→ Record set
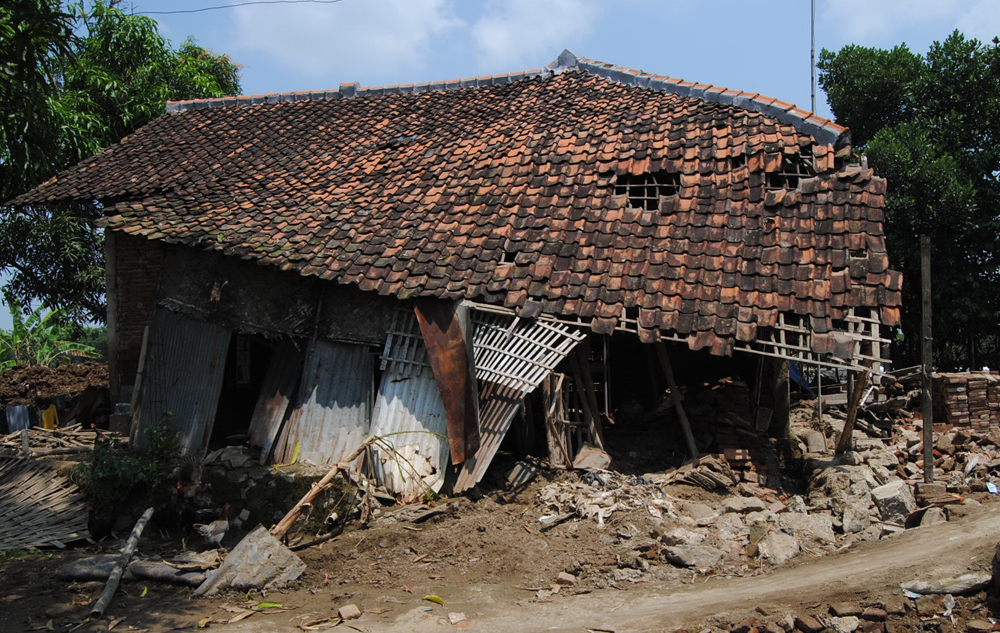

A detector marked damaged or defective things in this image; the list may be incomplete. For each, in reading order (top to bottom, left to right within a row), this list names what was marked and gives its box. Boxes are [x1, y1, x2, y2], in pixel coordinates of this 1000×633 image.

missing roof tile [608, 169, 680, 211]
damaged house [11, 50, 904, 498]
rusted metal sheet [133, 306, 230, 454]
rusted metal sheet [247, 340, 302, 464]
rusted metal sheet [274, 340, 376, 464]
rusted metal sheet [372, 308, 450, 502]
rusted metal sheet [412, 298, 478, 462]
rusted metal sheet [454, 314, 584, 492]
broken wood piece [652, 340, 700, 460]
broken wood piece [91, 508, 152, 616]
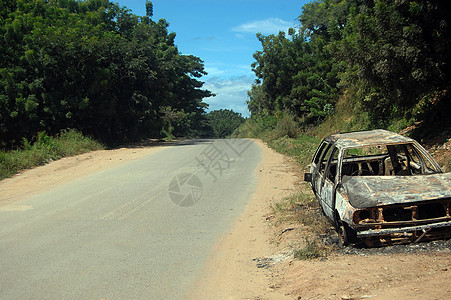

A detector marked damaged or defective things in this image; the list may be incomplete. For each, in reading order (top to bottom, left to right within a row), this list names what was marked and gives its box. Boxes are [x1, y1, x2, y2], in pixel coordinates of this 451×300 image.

→ What to produce
All entries must come back exactly as written, though without their pictures.

→ Solved exercise
A detector marked damaged or defective things in this image; the list may be incomplete. For each, in reading order (top to bottom, left to right within a row), this list names what was marked and gives its box. Boxes are [x1, y1, x2, y2], in pixel coordinates of this 1000×633 image.

missing roof tile [608, 169, 680, 211]
damaged house [11, 50, 904, 498]
rusted metal sheet [133, 306, 230, 454]
rusted metal sheet [247, 340, 302, 464]
rusted metal sheet [274, 340, 376, 464]
rusted metal sheet [372, 308, 450, 502]
rusted metal sheet [412, 298, 478, 462]
rusted metal sheet [454, 314, 584, 492]
broken wood piece [652, 340, 700, 460]
broken wood piece [91, 508, 152, 616]

A detector marked damaged or defective things in this image; the list may be incomplete. For each, in reading order (top to bottom, left to right within a row), this list names what was marked and gives its box. Boxes are [x1, y1, x2, y2], in pixel coordinates of this 451×300 image.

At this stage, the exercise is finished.